PROBLEM. Give back only the lines in the records below from the one with "Five percent, flow" to the one with "The first thing", both inclusive, word for word.

DATA SHOWN.
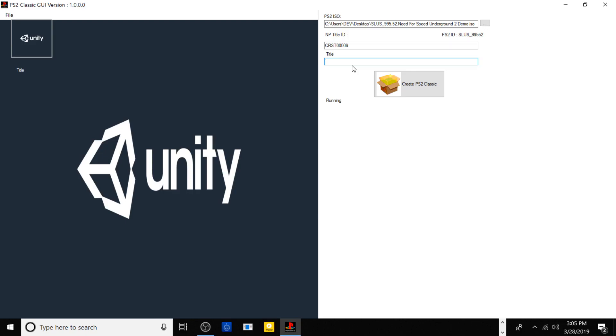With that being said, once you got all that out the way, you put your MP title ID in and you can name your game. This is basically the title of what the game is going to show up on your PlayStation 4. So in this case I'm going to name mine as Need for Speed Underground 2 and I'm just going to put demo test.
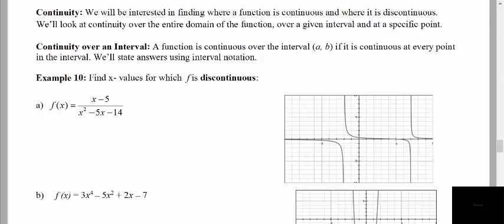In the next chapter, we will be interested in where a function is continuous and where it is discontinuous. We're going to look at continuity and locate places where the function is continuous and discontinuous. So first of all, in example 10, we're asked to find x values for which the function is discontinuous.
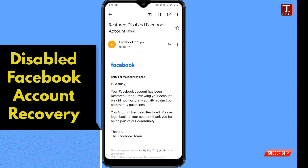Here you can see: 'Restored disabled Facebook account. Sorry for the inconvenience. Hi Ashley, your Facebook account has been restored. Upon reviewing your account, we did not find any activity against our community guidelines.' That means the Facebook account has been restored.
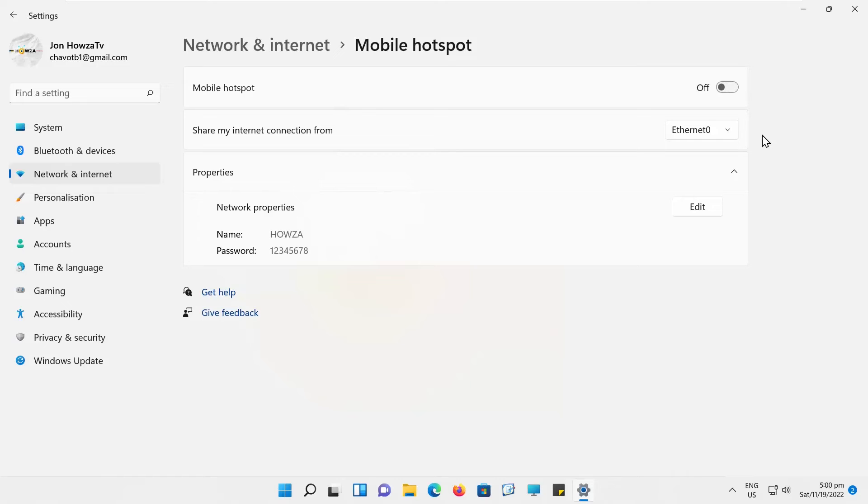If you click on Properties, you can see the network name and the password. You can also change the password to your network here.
...
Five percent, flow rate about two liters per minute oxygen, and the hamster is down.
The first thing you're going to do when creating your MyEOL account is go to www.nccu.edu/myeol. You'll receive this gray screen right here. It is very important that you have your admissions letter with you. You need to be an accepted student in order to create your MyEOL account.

REPLY TO THE EXERCISE.
Five percent, flow rate about two liters per minute oxygen, and the hamster is down.
The first thing you're going to do when creating your MyEOL account is go to www.nccu.edu/myeol. You'll receive this gray screen right here. It is very important that you have your admissions letter with you. You need to be an accepted student in order to create your MyEOL account.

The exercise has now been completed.